An exact, complete printout of the listing is wanted, minus its images.

• **EXERCISE DATA**
# # #

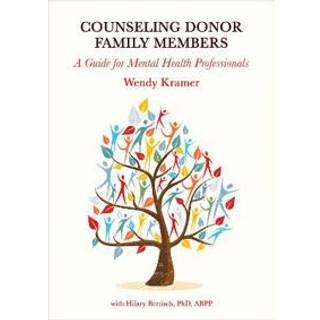 Counseling Donor Family Members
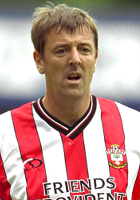 Matthew Le Tissier Matthew Le Tissier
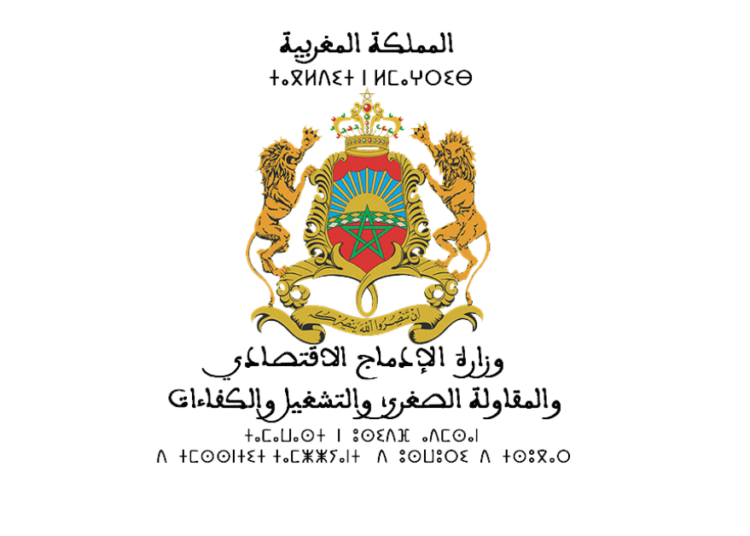 وزارة الإدماج الاقتصادي والمقاولة الصغرى والتشغيل والكفاءات: لائحة المترشحين المقبولين لاجتياز الاختبار الكتابي لمباراة توظيف 50 منصب دورة ماي 2024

# # #

• **REPLY**
 Counseling Donor Family Members
 Matthew Le Tissier Matthew Le Tissier
 وزارة الإدماج الاقتصادي والمقاولة الصغرى والتشغيل والكفاءات: لائحة المترشحين المقبولين لاجتياز الاختبار الكتابي لمباراة توظيف 50 منصب دورة ماي 2024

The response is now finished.